Understanding How the CSM Determines VIP Availability
For the CSM to determine if a VIP is available, you must configure a probe (HTTP, ICMP, Telnet, TCP, FTP, SMTP, or DNS) and associate it with a server farm. When probes are configured, the CSM performs these checks:
•Probes all real servers on all server farms configured for probing
•Identifies server farms that are reachable (have at least one reachable real server)
•Identifies virtual servers that are reachable (have at least one reachable server farm)
•Identifies VIPs that are reachable (have at least one reachable virtual server)
Understanding Propagation of VIP Availability Information
With RHI, the CSM sends advertise messages to the MSFC containing the available VIP addresses. The MSFC adds an entry in its routing table for each VIP address it receives from the CSM. The routing protocol running on the MSFC sends routing table updates to other routers. When a VIP address becomes unavailable, its route is no longer advertised, the entry times out, and the routing protocol propagates the change.
Note For RHI to work on the CSM, the MSFC in the chassis in which the CSM resides must run Cisco IOS Release 12.1.7(E) or later and must be configured as the client-side router.
Configuring RHI for Virtual Servers
To configure RHI for the virtual servers, follow these steps:
Step 1 Verify that you have configured VLANs. (See the Chapter 4, "Configuring VLANs".)
Step 2 Associate the probe with a server farm. (See the "Configuring Probes for Health Monitoring" section on page 9-1.)
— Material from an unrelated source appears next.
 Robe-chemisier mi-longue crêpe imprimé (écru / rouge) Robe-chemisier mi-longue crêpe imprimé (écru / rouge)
Step 3 Configure the CSM to probe real servers. (See the "Configuring Probes for Health Monitoring" section on page 9-1.)
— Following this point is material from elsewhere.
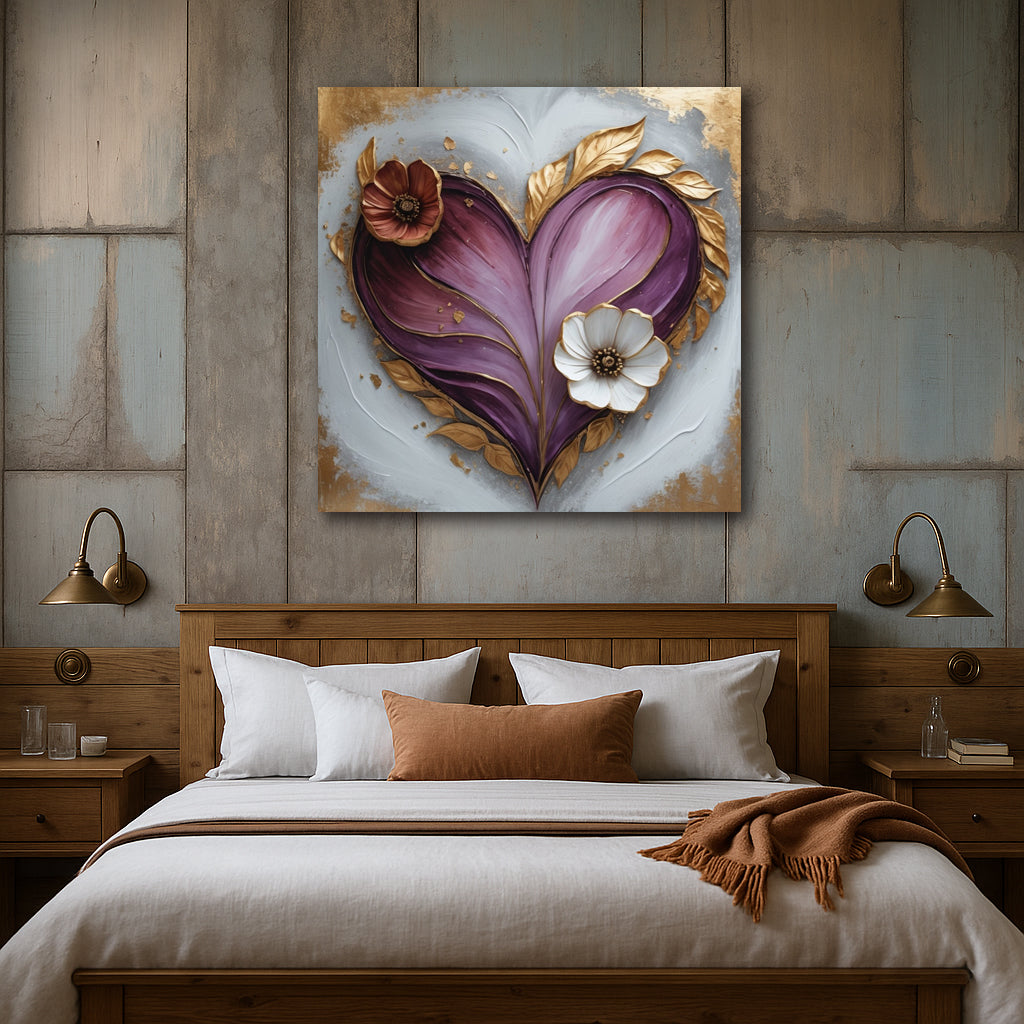 Radiant Love Bloom Canvas Print – Purple & Gold Romantic Wall Art with Sculpted-Look (Flat Canvas)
Step 4 Enter the advertise active SLB virtual server command to enable RHI for each virtual server:
Router(config-module-csm)# vserver virtual_server_name
Router(config-slb-vserver)# advertise active
This example shows how to enable RHI for the virtual server named vserver1:
Router(config-module-csm)# vserver vserver1
Router(config-slb-vserver)# advertise active
Environmental Variables
This example shows how to enable the environmental variables configuration:
Router(config-module-csm)# variable name string
You can get the current set of variables by running the show module csm slot variable [detail] command. For example:
Router# show mod csm 5 variable
----------------------------------------------------------------
ARP_LEARNED_INTERVAL 14400
ARP_GRATUITOUS_INTERVAL 15
ARP_REPLY_FOR_NO_INSERVICE_VIP 0
AGGREGATE_BACKUP_SF_STATE_TO_VS 0
DEST_UNREACHABLE_MASK 0xffff
GSLB_LICENSE_KEY (no valid license)
HTTP_CASE_SENSITIVE_MATCHING 1
MAX_PARSE_LEN_MULTIPLIER 1
NAT_CLIENT_HASH_SOURCE_PORT 0
ROUTE_UNKNOWN_FLOW_PKTS 0
NO_RESET_UNIDIRECTIONAL_FLOWS 0
SYN_COOKIE_THRESHOLD 5000
VSERVER_ICMP_ALWAYS_RESPOND false
XML_CONFIG_AUTH_TYPE Basic
Cat6k-2#show mod csm 5 variable detail
Name:ARP_INTERVAL Rights:RW
Valid values:Integer (15 to 31536000)
Time (in seconds) between ARPs for configured hosts
Name:ARP_LEARNED_INTERVAL Rights:RW
Valid values:Integer (60 to 31536000)
Time (in seconds) between ARPs for learned hosts
Name:ARP_GRATUITOUS_INTERVAL Rights:RW
Valid values:Integer (10 to 31536000)
Time (in seconds) between gratuitous ARPs
Valid values:Integer (1 to 60)
Seconds between ARP retries
Name:ARP_RETRIES Rights:RW
Valid values:Integer (2 to 15)
Count of ARP attempts before flagging a host as down
Name:ARP_LEARN_MODE Rights:RW
Valid values:Integer (0 to 1)
Indicates whether CSM learns MAC address on responses only (0) or all traffic (1)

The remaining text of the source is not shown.